RECORD EXTRACTS:
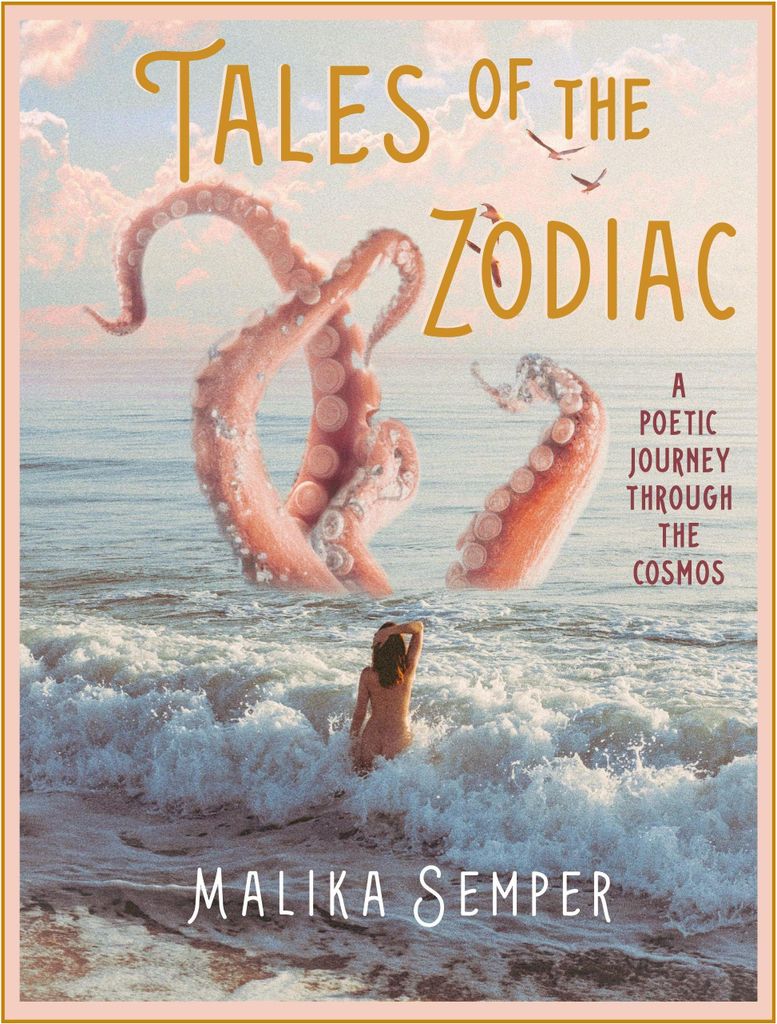 Tales of the Zodiac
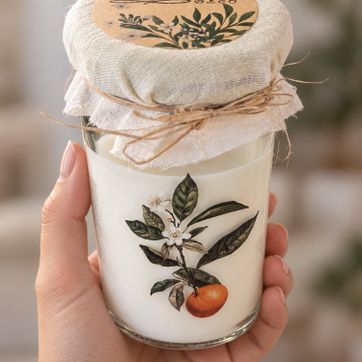 Vela Fresh Colección Botanicals G  - imagen 1
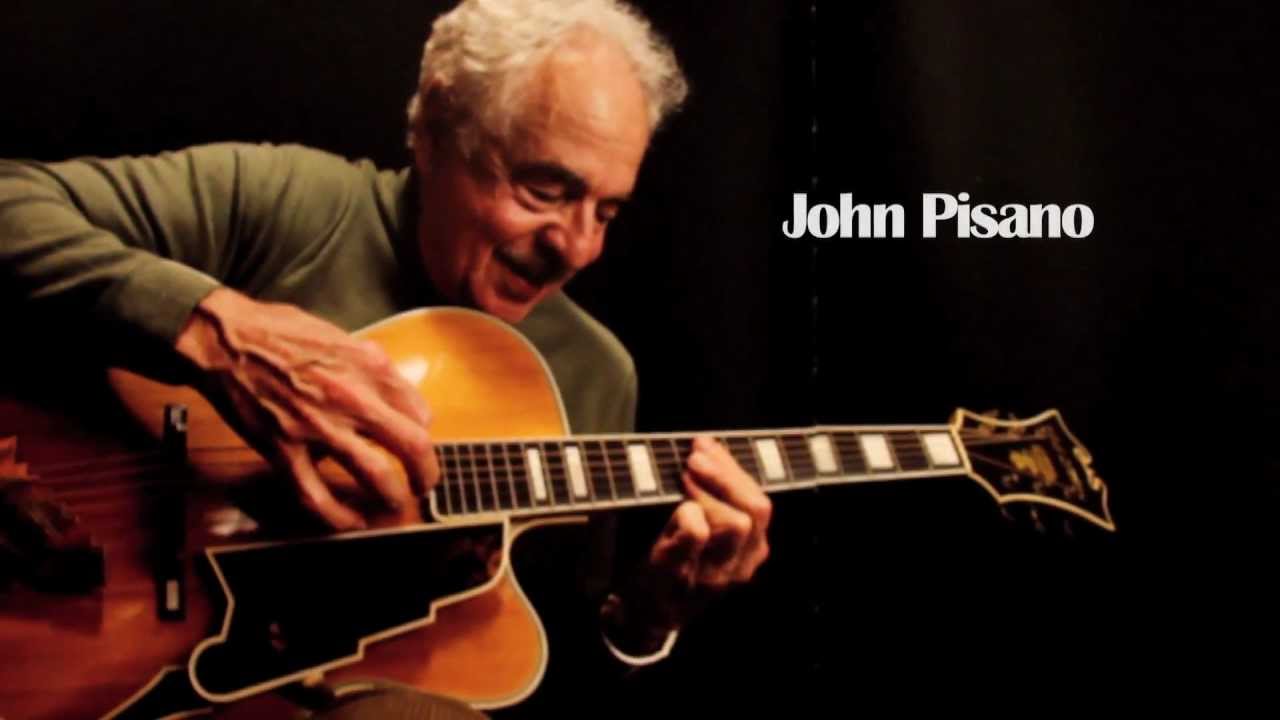 John Pisano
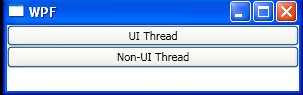 Ensure That You Are Running on the UI Thread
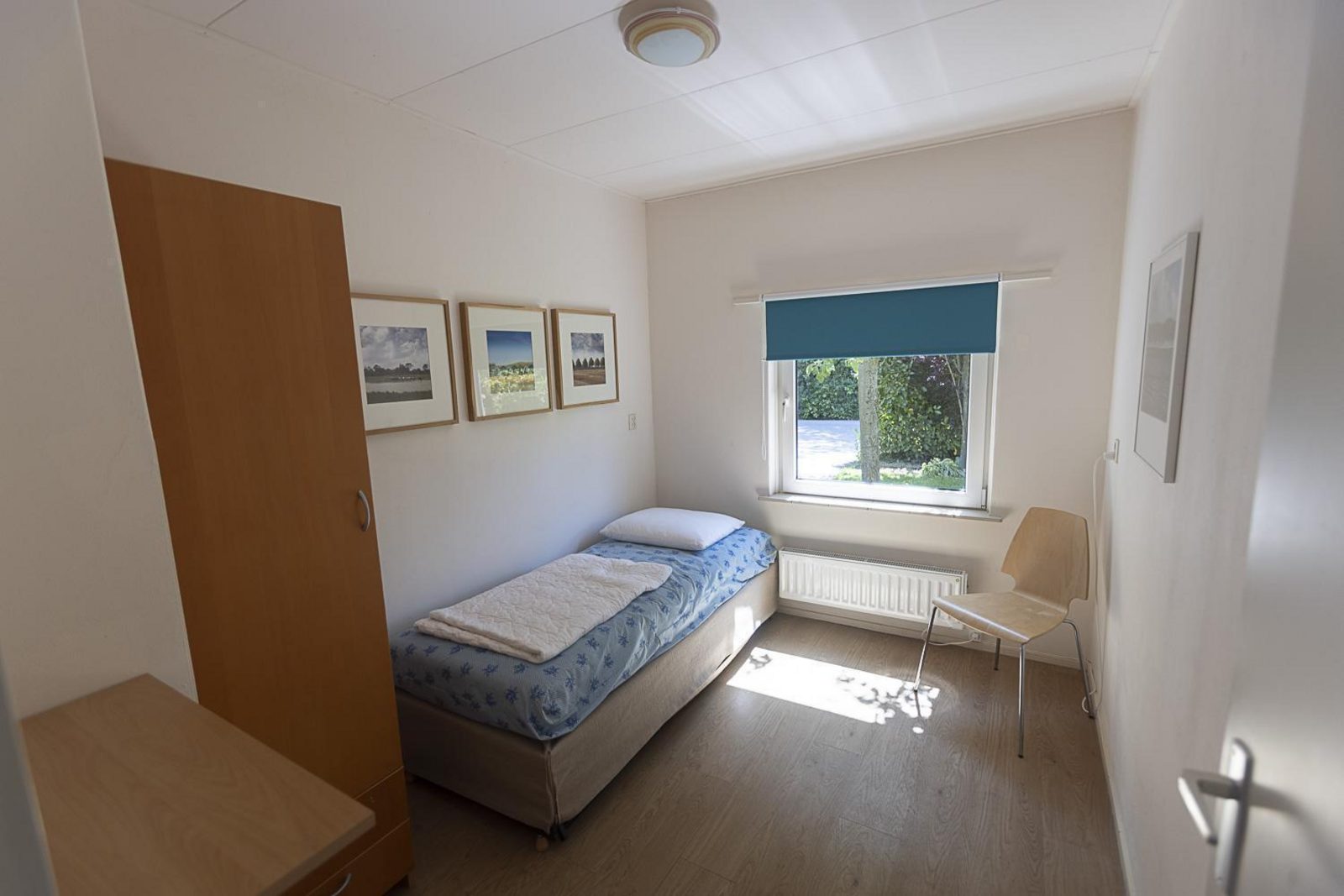 VZ2404 Vakantiehuis in Oostkapelle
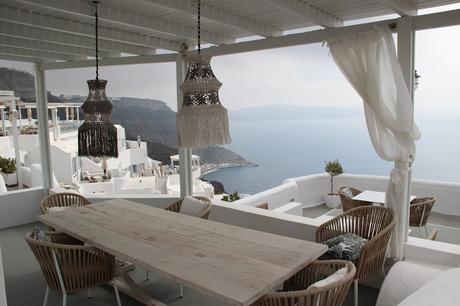 Trotamundos: Santorini Trotamundos: Santorini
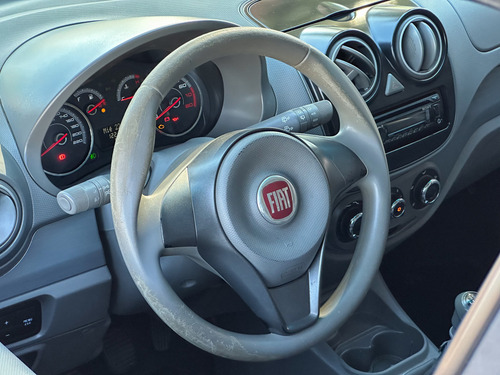 Fiat Palio 1.4 Attractive 85cv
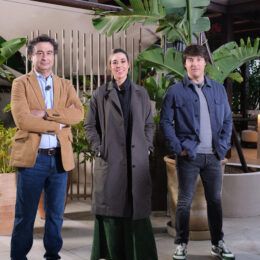 MasterChef elige Laguna Beach y dispara el foco sobre uno de los complejos de ocio más exclusivos de la Costa del Sol - Gastronomía y Moda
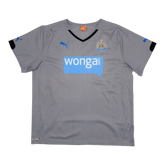 Newcastle United 2014-15 Away Shirt (#17 AYOZE)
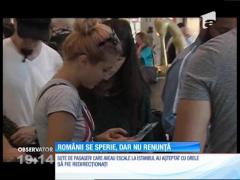 Observator de weekend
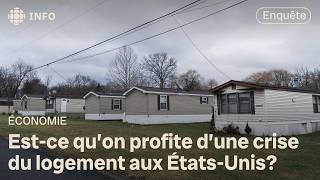 Ces maisons mobiles américaines qui financent nos retraites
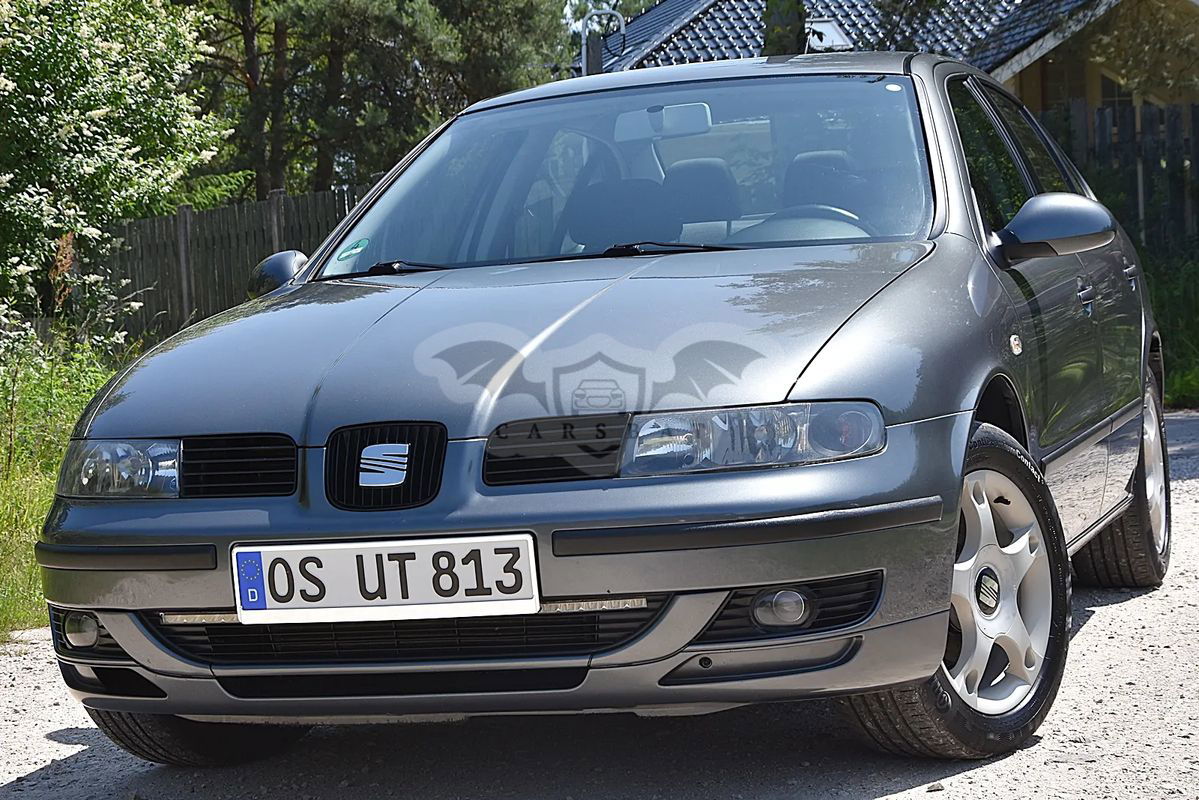 Seat Toledo II 1.6 Stella 2005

DIRECTIONS FOR THIS TASK:
Please output the lines from the line that contains "MasterChef elige Laguna" through the end of the records, both ends included, exactly and with no pictures.

ANSWER SPACE:
 MasterChef elige Laguna Beach y dispara el foco sobre uno de los complejos de ocio más exclusivos de la Costa del Sol - Gastronomía y Moda
 Newcastle United 2014-15 Away Shirt (#17 AYOZE)
 Observator de weekend
 Ces maisons mobiles américaines qui financent nos retraites
 Seat Toledo II 1.6 Stella 2005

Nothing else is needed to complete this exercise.